Però una cosa positiva Trump la sta facendo, magari per fini poco nobili e tornaconti personali: forzare per giungere ad un negoziato e almeno ad un cessate il fuoco tra Russia ed Ucraina. Meglio se al posto di una semplice tregua si arrivasse ad un accordo definito anche sulla ripartizione dei territori contesi.

La guerra ha già causato complessivamente oltre un milione di morti. La responsabilità dell’invasione è certamente del regime di Putin e infatti la Corte penale Internazionale ha chiesto di mandarlo a processo all’Aja. Ma anche l’Unione Europea ha le sue belle responsabilità nel non aver seriamente realizzato gli accordi di autonomia per il Donbass previsti già nel 2014 da Minsk uno e Minsk due.

Per non parlare dell’”abbaiare della Nato giunta ai confini della Russia”, come si espresse papa Francesco.
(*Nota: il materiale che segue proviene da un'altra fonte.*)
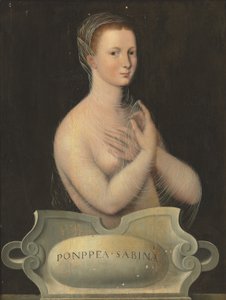 Portræt af Poppaea Sabina, halvfigur, i et gennemsigtigt slør, foran en stenkartouche (olie på panel) af Fontainebleau School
Il paradosso è che la più recalcitrante a favorire i negoziati è proprio l’Unione Europea, quando doveva essere l’Unione Europea a promuovere già da tempo iniziative diplomatiche per la soluzione politica del conflitto. 

A dimostrazione che viviamo in un mondo alla rovescia, dobbiamo constatare che oggi è l’Unione Europea e non gli Stati Uniti a voler prolungare il conflitto con la Russia “fino alla vittoria” (sic), a pretendere solo un cessate il fuoco per prendere tempo e riarmare ancora di più i poveri soldati ucraini.

Anche questa partita fa parte di quella resa dei conti globale e regionale di cui noi rischiamo di essere spettatori e future vittime, augurandoci che i rinascenti e bellicosi nazionalismi non ci portino al “suicidio dell’Europa”.